During Covid, to be ‘vulnerable’ is to be told your life doesn’t matter

The tragic death toll was all too predictable, in a system that decided old and disabled people weren’t worth keeping safe

The Guardian

By Frances Ryan
Photograph: Hugh R Hastings/Getty Images

“Who do we not save?” In marker pen brainstormed on a whiteboard, these five words – from a government meeting in the early days of the pandemic and leaked last month by Dominic Cummings – say much about this government’s catastrophic handling of the pandemic and the real value it places on the so-called most vulnerable people.

Think back to last spring, when ministers declared that their priority was to keep disabled and older people safe. Matt Hancock promised to throw a ring of protection around care homes. Boris Johnson thanked disabled people for their “sacrifice” of shielding for months. In reality, these were the very people who would disproportionately go on to die.

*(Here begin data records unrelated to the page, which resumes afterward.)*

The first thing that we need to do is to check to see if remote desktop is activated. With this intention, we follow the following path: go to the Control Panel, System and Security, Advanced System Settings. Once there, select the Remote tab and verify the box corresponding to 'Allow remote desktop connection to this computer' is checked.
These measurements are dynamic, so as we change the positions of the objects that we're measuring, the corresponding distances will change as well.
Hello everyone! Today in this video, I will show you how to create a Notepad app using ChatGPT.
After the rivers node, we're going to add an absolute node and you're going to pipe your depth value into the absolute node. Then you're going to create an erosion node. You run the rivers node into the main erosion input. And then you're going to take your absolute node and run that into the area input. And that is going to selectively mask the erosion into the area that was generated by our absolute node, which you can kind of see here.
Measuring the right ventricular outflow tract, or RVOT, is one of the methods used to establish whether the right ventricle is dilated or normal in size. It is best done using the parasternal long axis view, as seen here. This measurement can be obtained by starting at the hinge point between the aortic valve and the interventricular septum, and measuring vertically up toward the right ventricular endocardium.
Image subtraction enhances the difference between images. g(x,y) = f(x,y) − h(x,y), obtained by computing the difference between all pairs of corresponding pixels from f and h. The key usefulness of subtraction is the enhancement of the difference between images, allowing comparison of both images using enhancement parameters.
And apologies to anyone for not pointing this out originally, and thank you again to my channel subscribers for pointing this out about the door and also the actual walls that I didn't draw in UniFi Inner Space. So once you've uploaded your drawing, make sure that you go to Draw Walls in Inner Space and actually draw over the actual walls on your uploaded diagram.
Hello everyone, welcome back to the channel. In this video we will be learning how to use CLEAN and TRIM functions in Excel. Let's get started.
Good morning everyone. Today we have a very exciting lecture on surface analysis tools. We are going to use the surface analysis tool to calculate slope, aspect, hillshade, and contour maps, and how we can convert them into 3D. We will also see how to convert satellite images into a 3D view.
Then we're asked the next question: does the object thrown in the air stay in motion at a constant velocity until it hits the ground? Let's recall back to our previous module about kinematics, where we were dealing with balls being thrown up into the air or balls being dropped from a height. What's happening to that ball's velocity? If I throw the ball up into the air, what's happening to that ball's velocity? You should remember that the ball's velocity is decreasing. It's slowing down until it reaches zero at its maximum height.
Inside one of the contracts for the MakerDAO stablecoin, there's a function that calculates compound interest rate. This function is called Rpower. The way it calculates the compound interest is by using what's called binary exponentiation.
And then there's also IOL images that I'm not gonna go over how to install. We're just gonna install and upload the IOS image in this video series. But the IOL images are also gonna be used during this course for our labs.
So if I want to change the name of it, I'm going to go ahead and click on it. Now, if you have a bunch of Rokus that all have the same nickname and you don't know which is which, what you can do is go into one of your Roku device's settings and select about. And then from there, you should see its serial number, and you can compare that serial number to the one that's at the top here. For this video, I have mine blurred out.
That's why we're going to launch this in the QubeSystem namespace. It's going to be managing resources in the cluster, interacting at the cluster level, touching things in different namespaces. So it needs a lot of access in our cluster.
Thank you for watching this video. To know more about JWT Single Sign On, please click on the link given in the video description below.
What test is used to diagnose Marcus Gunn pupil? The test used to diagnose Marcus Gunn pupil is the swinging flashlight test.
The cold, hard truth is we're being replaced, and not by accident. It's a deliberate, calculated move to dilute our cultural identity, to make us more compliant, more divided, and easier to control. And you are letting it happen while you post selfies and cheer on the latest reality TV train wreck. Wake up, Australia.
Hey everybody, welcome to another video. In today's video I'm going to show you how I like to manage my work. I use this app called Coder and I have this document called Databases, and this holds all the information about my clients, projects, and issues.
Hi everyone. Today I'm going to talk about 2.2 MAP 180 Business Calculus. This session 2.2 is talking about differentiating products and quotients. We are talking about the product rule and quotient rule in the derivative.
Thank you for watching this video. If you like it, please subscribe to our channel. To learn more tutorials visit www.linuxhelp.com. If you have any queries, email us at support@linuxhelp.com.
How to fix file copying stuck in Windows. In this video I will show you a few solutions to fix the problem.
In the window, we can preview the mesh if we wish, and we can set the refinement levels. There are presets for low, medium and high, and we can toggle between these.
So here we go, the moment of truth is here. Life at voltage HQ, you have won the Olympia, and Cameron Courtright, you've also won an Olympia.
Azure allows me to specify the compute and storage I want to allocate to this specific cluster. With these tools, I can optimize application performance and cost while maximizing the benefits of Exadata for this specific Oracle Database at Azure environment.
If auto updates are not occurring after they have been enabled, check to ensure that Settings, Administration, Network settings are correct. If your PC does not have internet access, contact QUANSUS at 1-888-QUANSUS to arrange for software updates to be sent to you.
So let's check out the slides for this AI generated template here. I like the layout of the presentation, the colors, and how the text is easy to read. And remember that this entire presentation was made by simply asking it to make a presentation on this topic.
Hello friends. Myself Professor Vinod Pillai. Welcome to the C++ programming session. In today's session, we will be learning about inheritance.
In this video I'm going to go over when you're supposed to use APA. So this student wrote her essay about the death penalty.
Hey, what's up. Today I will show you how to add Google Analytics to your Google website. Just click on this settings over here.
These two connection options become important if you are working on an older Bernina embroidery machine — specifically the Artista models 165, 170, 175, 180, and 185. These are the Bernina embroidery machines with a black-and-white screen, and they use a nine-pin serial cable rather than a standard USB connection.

About 42,000 care home residents in England and Wales have died of Covid, according to the Office for National Statistics (ONS), although the true number is thought to be higher. As of February 2021, 61,000 disabled people had lost their lives to the virus – accounting for almost 60% of total Covid-19 deaths in England.

It would be easy to assume these deaths were largely owing to pre-existing health conditions, but they were as much a matter of pre-existing inequalities. Analysis by the ONS shows disabled people’s deaths from Covid are linked to poverty and cramped housing, as well as unequal access to healthcare, a reality that has been even more deadly for black and Asian disabled people.